Я привычливая, но я холодно думаю о разрыве. Чужой, и теперь часто противный человек…
Не хочу никакой любви больше. Это валанданье мне надоело и утомительно.
Я – виновата. Не буду же просить подставить мне лестницу к облакам, раз у меня нет крыльев. Аминь.
Я написала стихи «Иди за мной», где говорится о лилиях. Лилии были мне присланы Венгеровой, т. е. Минским.
Стихи я всегда пишу, как молюсь, и никогда не посвящаю их в душе никаким земным отношениям, никакому человеку.

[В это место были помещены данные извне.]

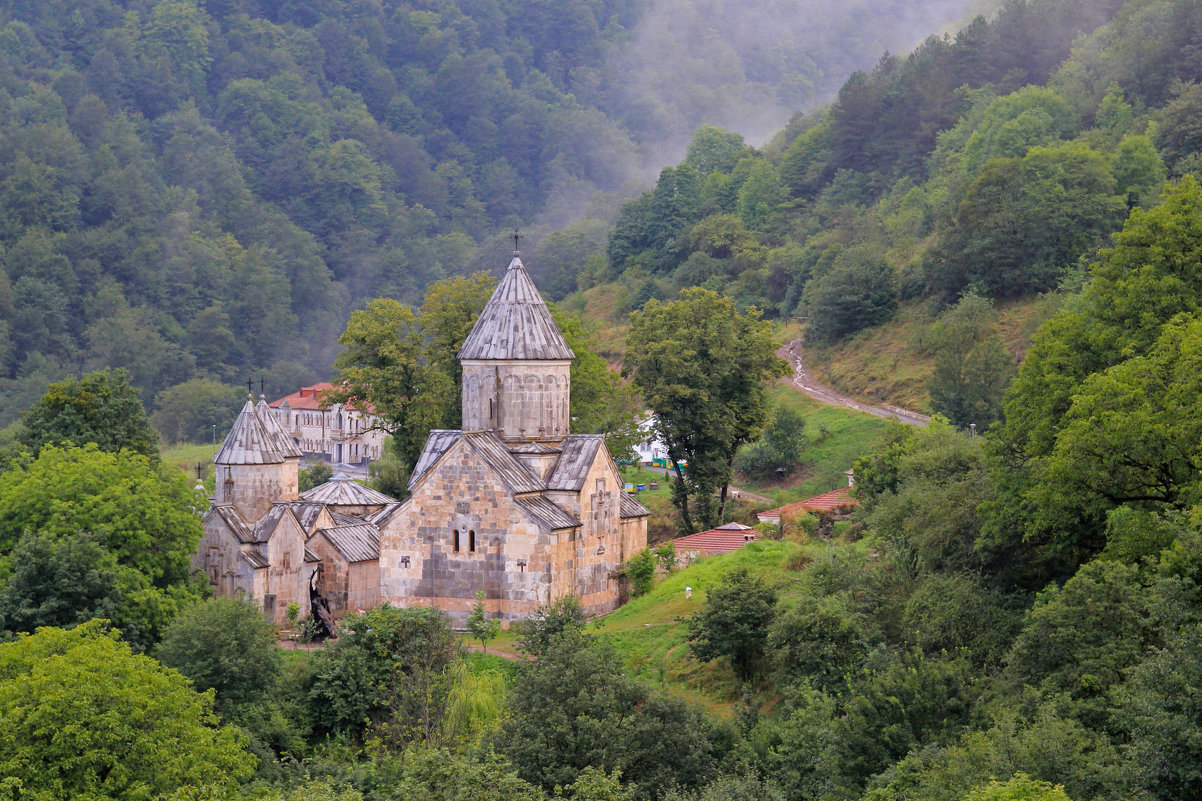 Монастырь Агарцин (Haghartsin Monastery ) - skijumper Иванов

Но когда я кончила, я радовалась, что подойдет к Флексеру и, может быть, заденет и Минского. Стихи были напечатаны. Тотчас же я получила букет красных лилий от Минского и длинное письмо, где он явно намекал на Флексера, говорил, что «чужие люди нас разлучают», что я «умираю среди них», а он «единственно близкий мне человек, умирает вдали»…

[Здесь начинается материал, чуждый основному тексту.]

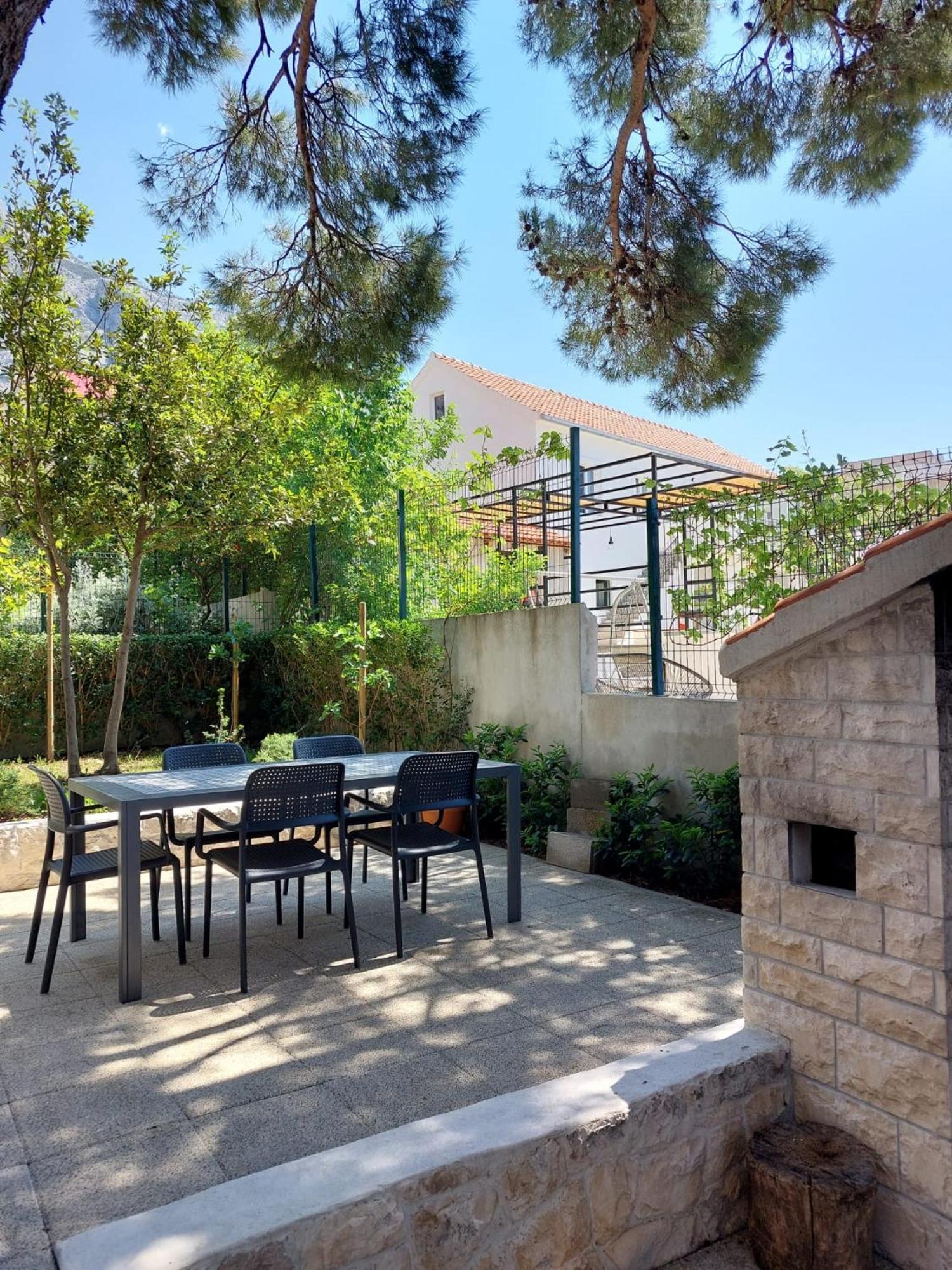 17 Pines Appartement Makarska Buitenkant foto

Письмо меня искренно возмутило. Мы с Флексером написали отличный ответ: «Николай Максимович, наше знакомство прекратилось потому, что оно мне не нужно…» Ведь действительно он мне не нужен.
Но интереснее всего то, что я, через два дня, послала Минскому букет желтых хризантем. Я сделала это потому, что нелепо и глупо было это сделать, слишком невозможно…
Мне жалко Флексера… И всегда я с ним оставалась чистой, холодной (о, если б совсем потерять эту возможность сладострастной грязи, которая, знаю, таится во мне и которую я даже не понимаю, ибо я ведь и при сладострастии, при всей чувственности – не хочу определенной формы любви, той, смешной, про которую знаю). Я умру, ничего не поняв. Я принадлежу себе. Я своя и Божья.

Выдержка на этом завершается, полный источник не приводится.